START Excerpted data

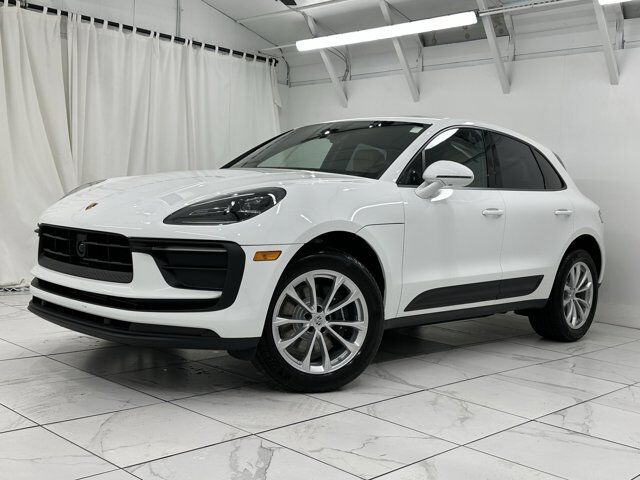 2025 Porsche Macan Newark DE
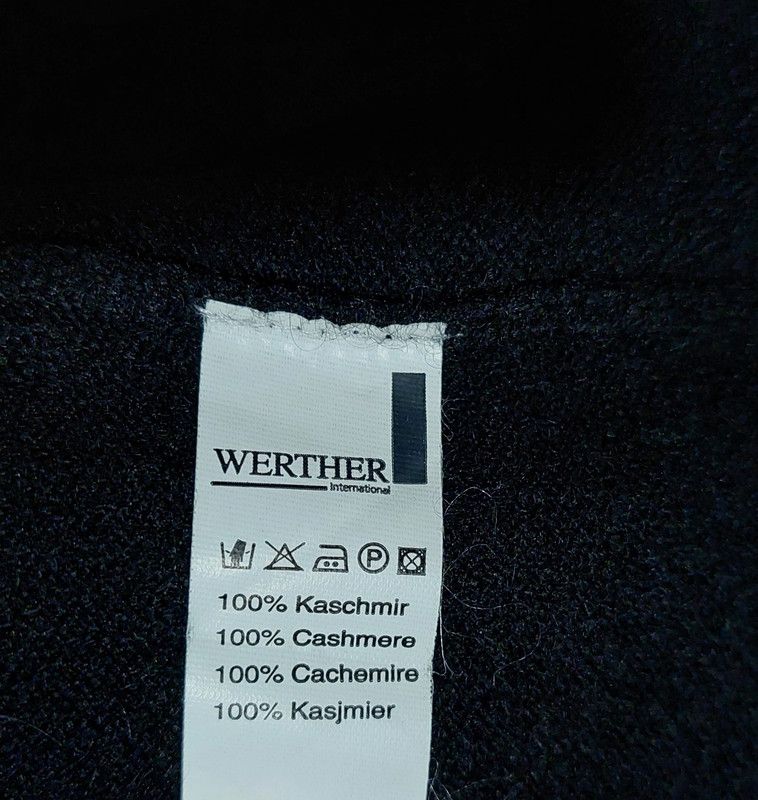 Other 100% cashmere sweater vest black vintage comfortable unique Size US L / EU 52-54 / 3 - 3 Thumbnail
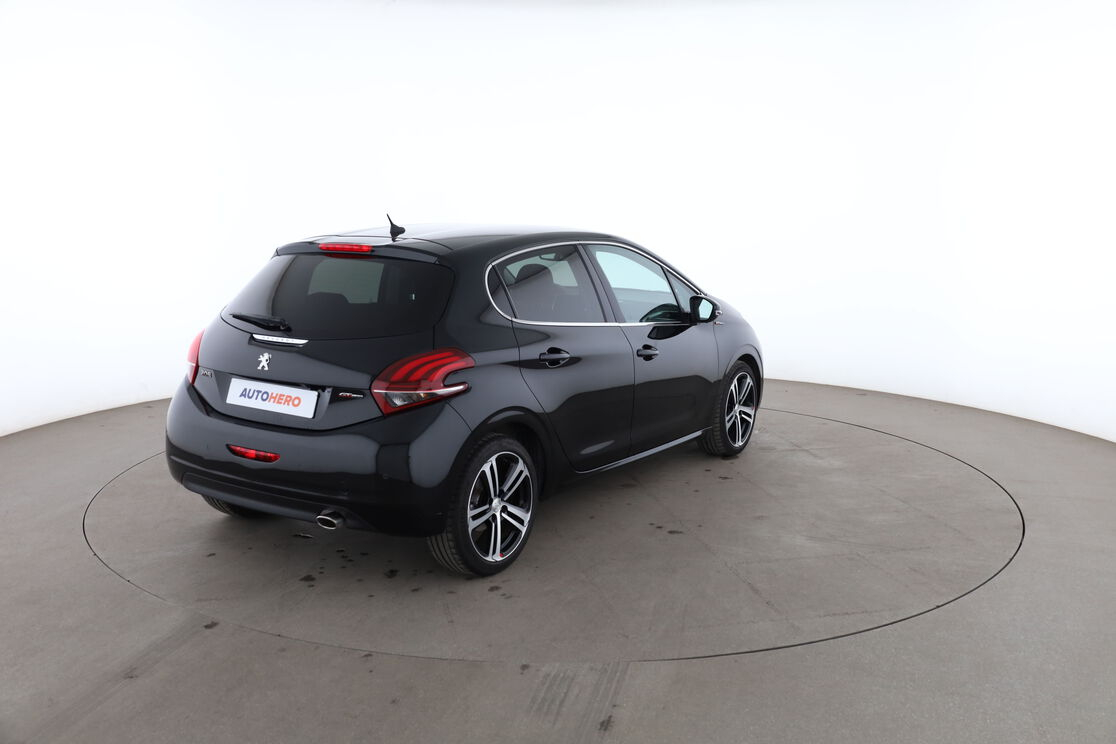 Peugeot 208 1.6 Blue-HDi GT Line — photo 5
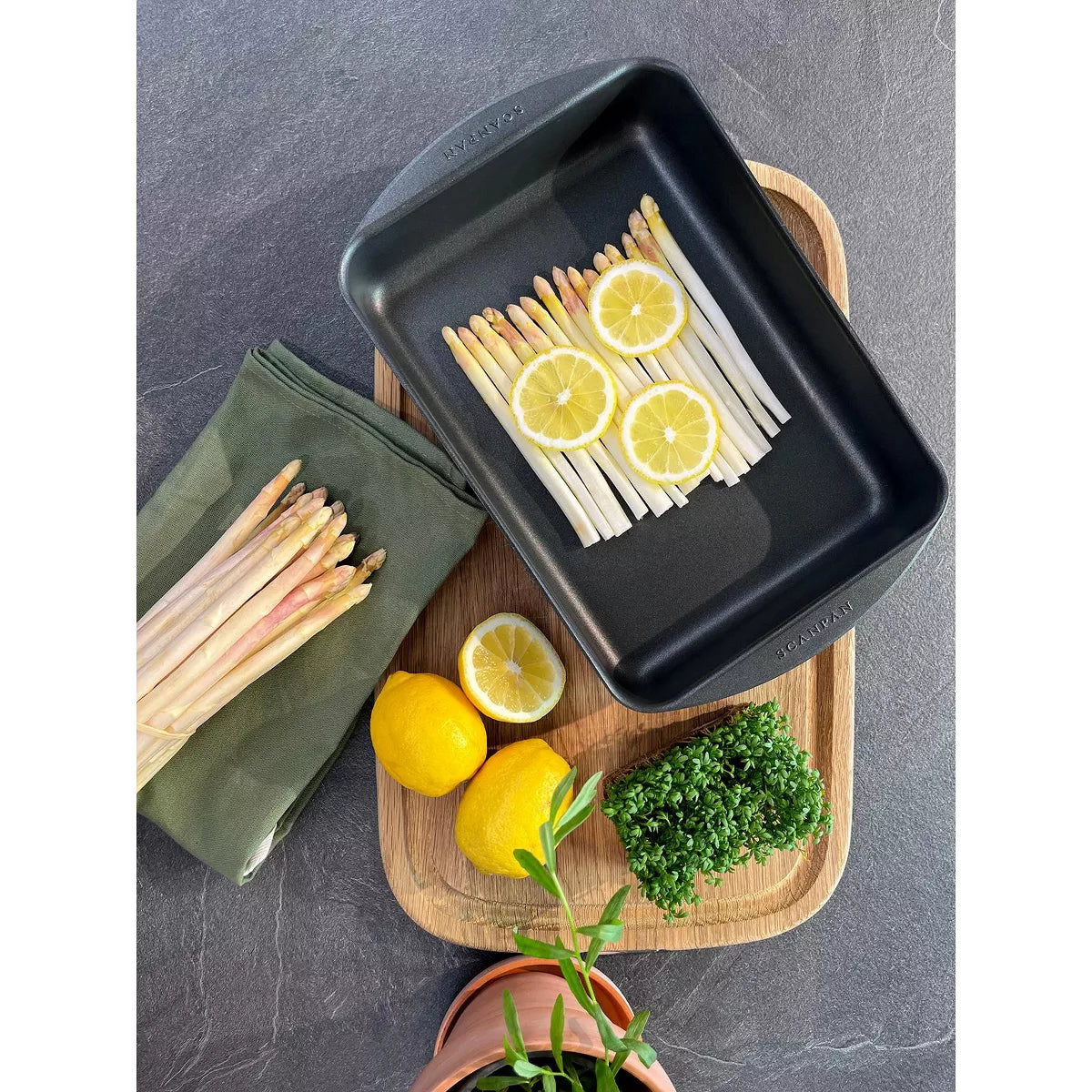 Roasting Pan – lassic 13.5" x 8.75" Roasting Pan, 3.25 Qt. – Black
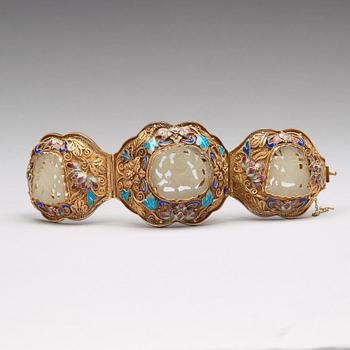 A filigree bracelet with inlays of cloisonné and carved nephrite, Qing dynasty.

END Excerpted data

> [Your assignment] Print the records above again exactly. Leave out the images.

> [Result for this task]
 2025 Porsche Macan Newark DE
 Other 100% cashmere sweater vest black vintage comfortable unique Size US L / EU 52-54 / 3 - 3 Thumbnail
 Peugeot 208 1.6 Blue-HDi GT Line — photo 5
 Roasting Pan – lassic 13.5" x 8.75" Roasting Pan, 3.25 Qt. – Black
 A filigree bracelet with inlays of cloisonné and carved nephrite, Qing dynasty.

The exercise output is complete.